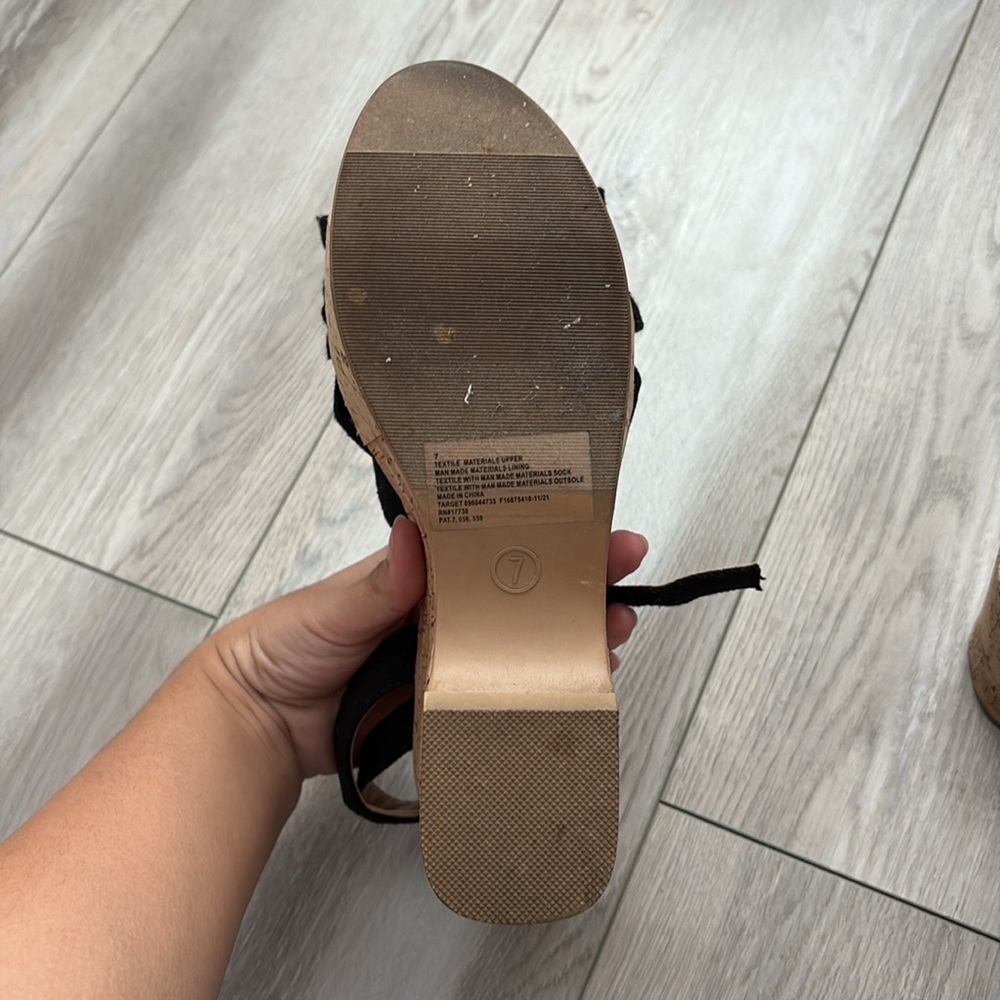 Universal Thread Women's Cork Wedge High Heels Sandals size 7 - Picture 6 of 6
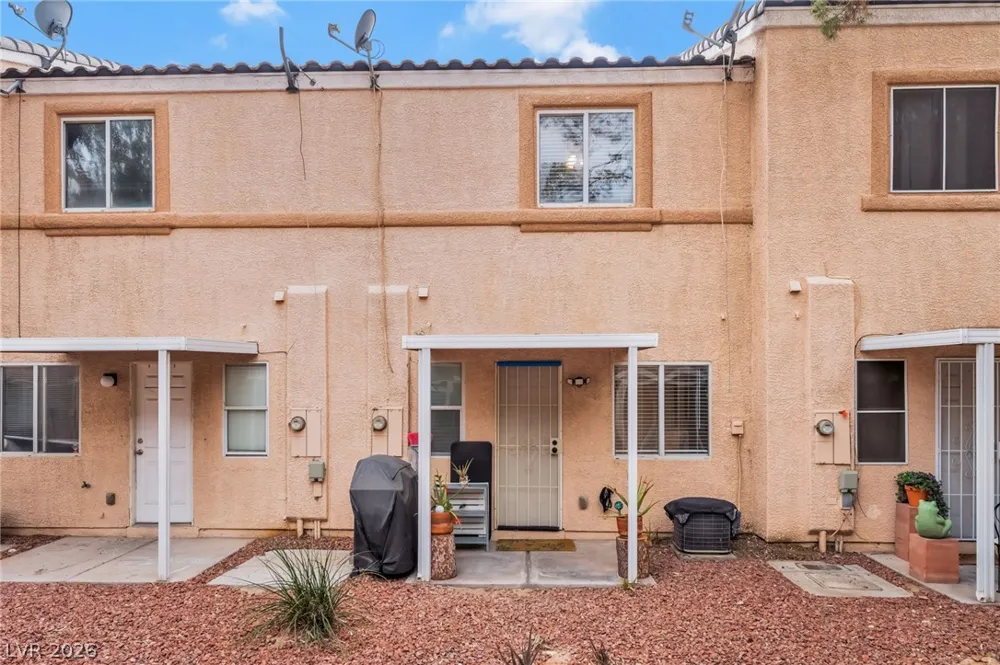 2207 Sleepy Court Las Vegas, NV 89106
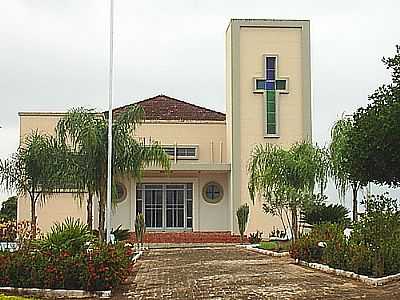 IGREJA-FOTO:CLOVIS CARLOS FERREI  - LAGOA AZUL - SP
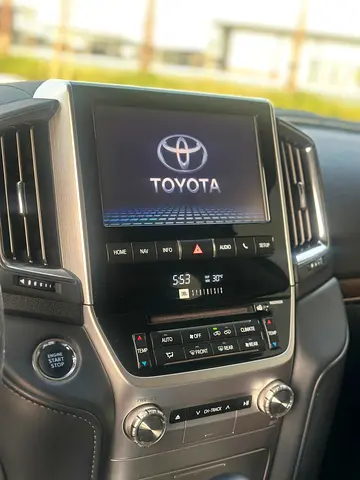 2018 Toyota LAND CRUISER — фото 14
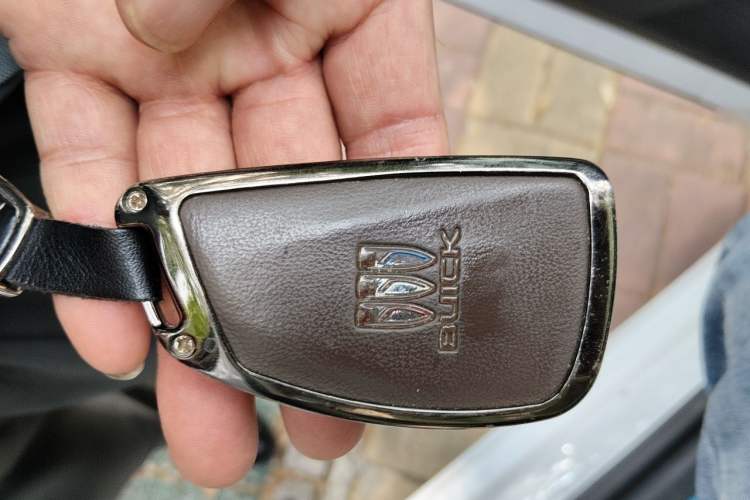 Used Buick GL8 New Energy 2024 Lu Zun Deluxe Edition 7-Seater Vehicle Key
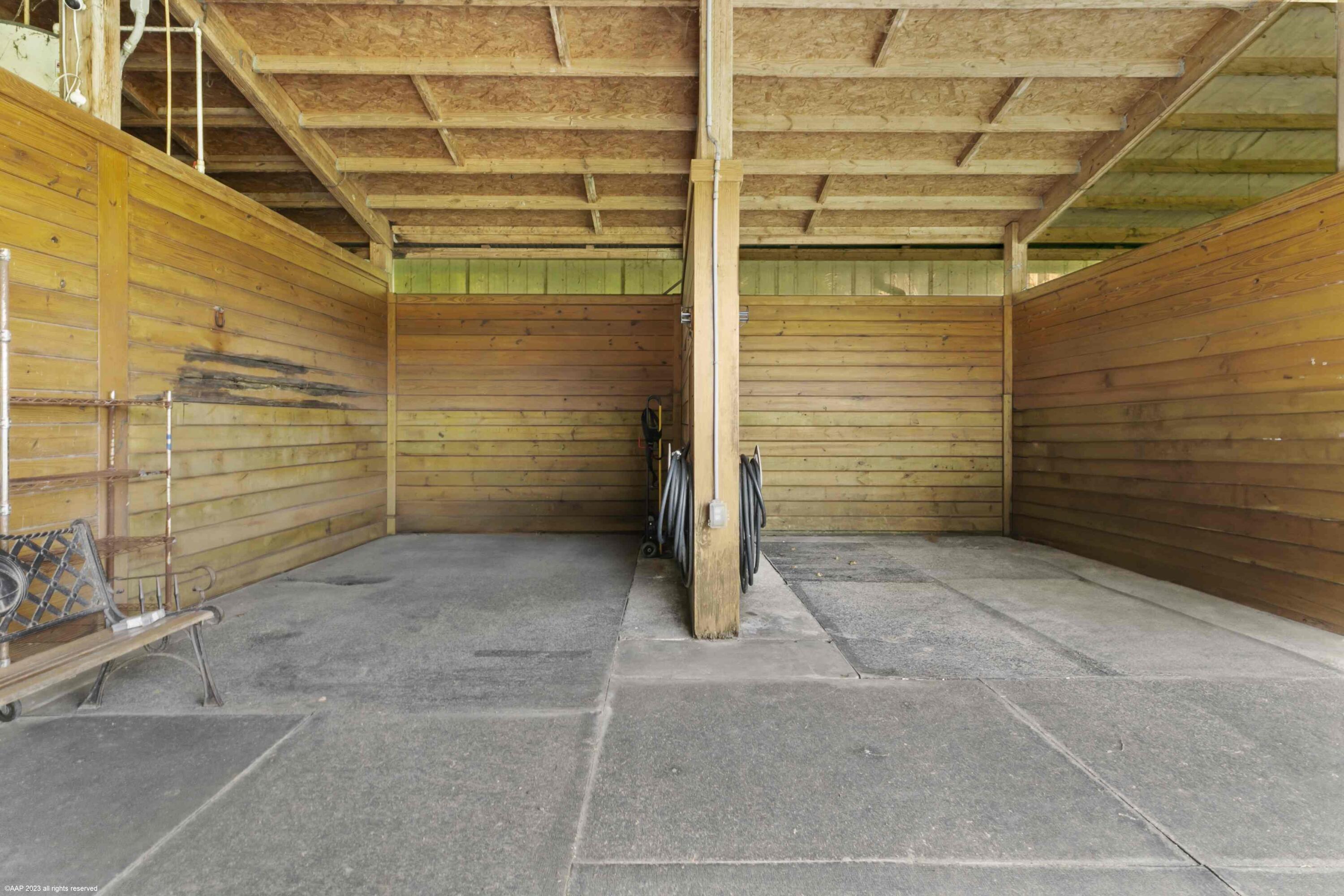 13-44-40~ W 344.38 FT OF E  2981.05 FT OF N 697.03 - Residential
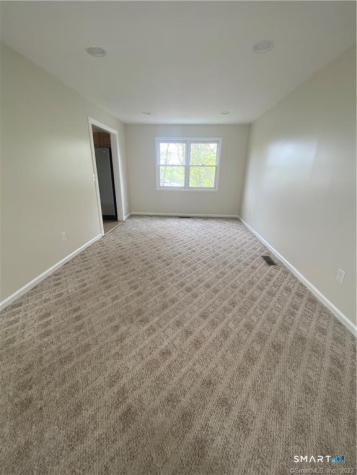 372 Anton Drive Bridgeport CT 06606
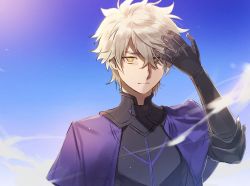 Rule 34 | 1boy, adjusting hair, armor, blue sky, closed mouth, fate/grand order, fate (series), galahad (fate), grand dobu, hair over one eye, light purple hair, looking at viewer, male focus, sky, upper body, yellow eyes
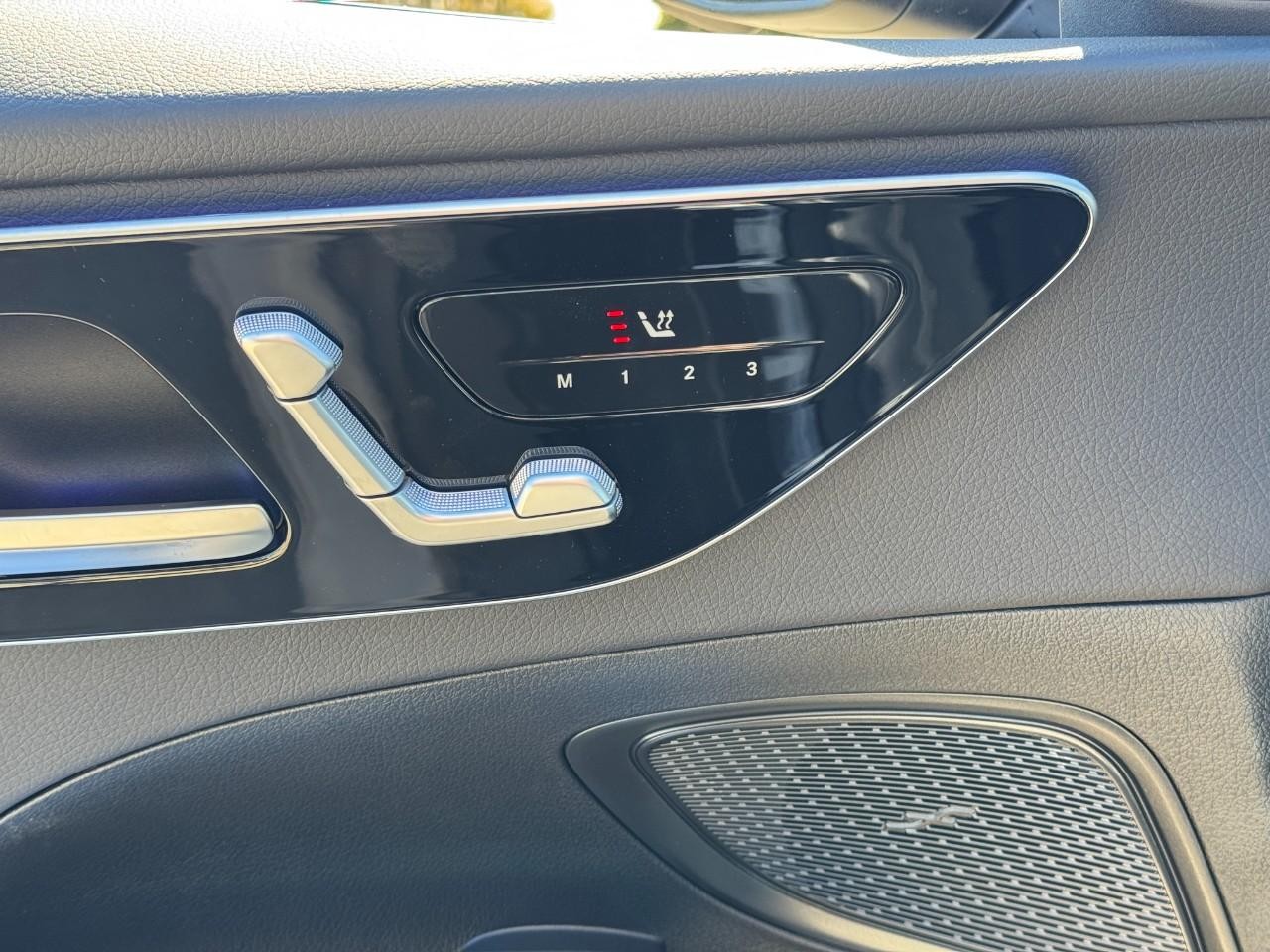 Mercedes-Benz C-Class Vehicle Full-screen Gallery Image 21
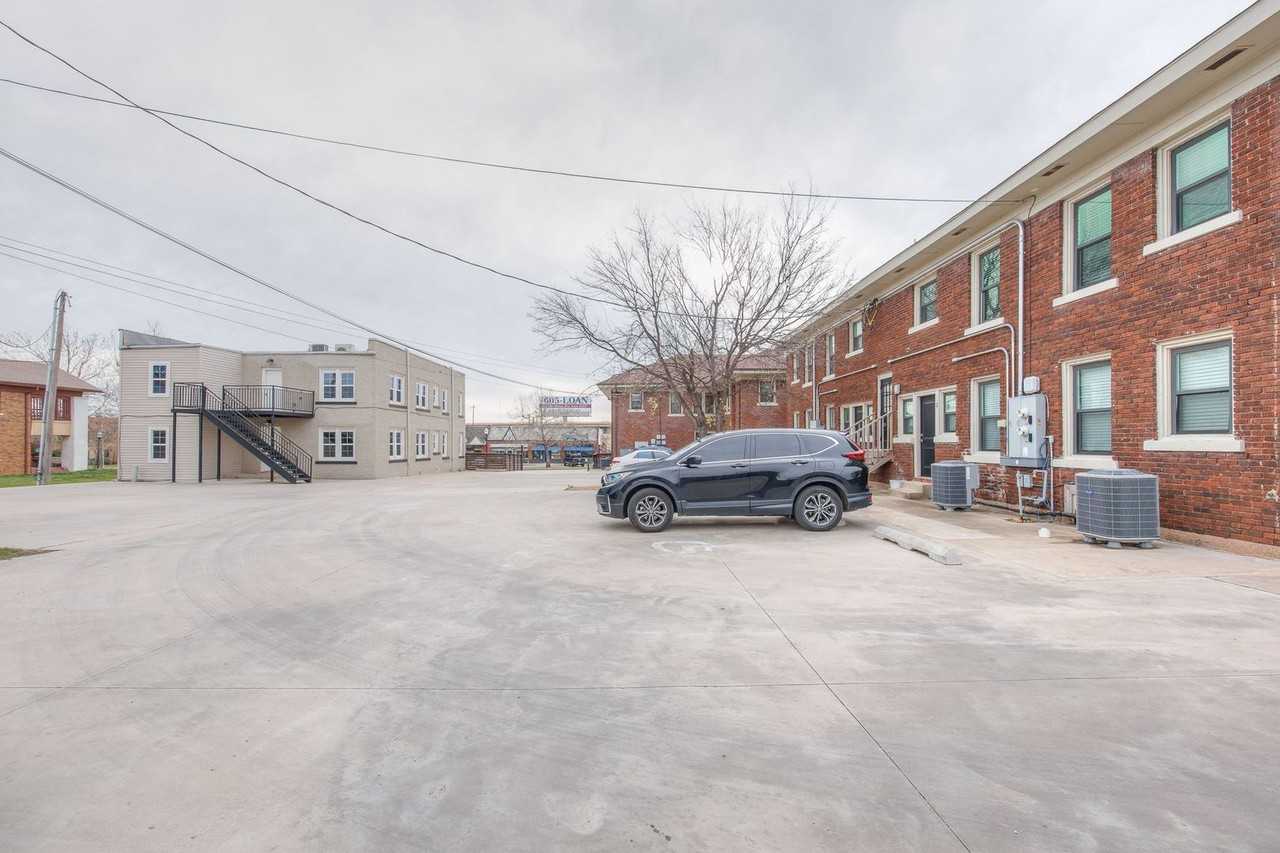 207 Nw 23rd St #3 - Photo 4 of 32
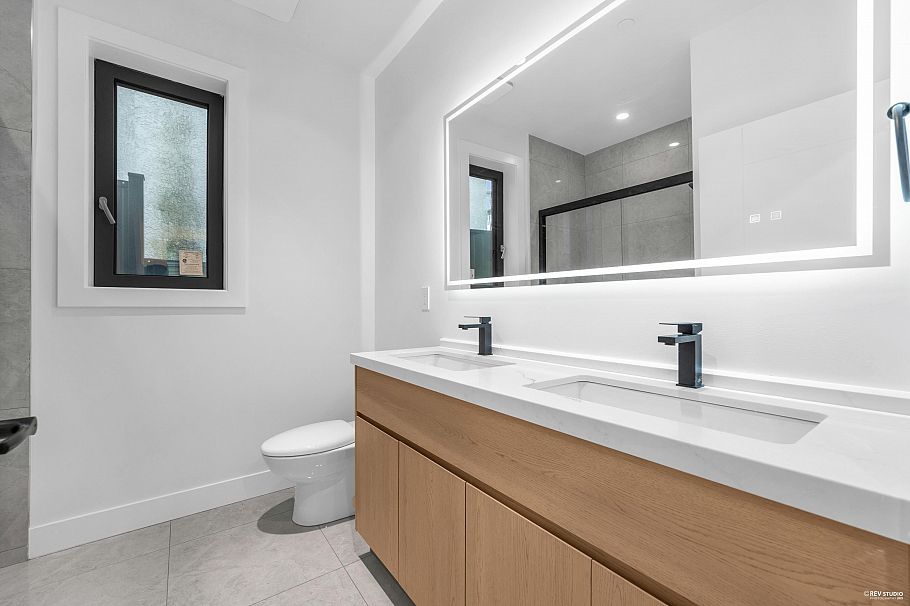 2 262 E 65th Avenue Vancouver, BC - 19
◇ ◇ ◇ ◇ ◇
Requirement — All the data above is to be transcribed exactly, with no pictures included.

Solution below —
 Universal Thread Women's Cork Wedge High Heels Sandals size 7 - Picture 6 of 6
 2207 Sleepy Court Las Vegas, NV 89106
 IGREJA-FOTO:CLOVIS CARLOS FERREI  - LAGOA AZUL - SP
 2018 Toyota LAND CRUISER — фото 14
 Used Buick GL8 New Energy 2024 Lu Zun Deluxe Edition 7-Seater Vehicle Key
 13-44-40~ W 344.38 FT OF E  2981.05 FT OF N 697.03 - Residential
 372 Anton Drive Bridgeport CT 06606
 Rule 34 | 1boy, adjusting hair, armor, blue sky, closed mouth, fate/grand order, fate (series), galahad (fate), grand dobu, hair over one eye, light purple hair, looking at viewer, male focus, sky, upper body, yellow eyes
 Mercedes-Benz C-Class Vehicle Full-screen Gallery Image 21
 207 Nw 23rd St #3 - Photo 4 of 32
 2 262 E 65th Avenue Vancouver, BC - 19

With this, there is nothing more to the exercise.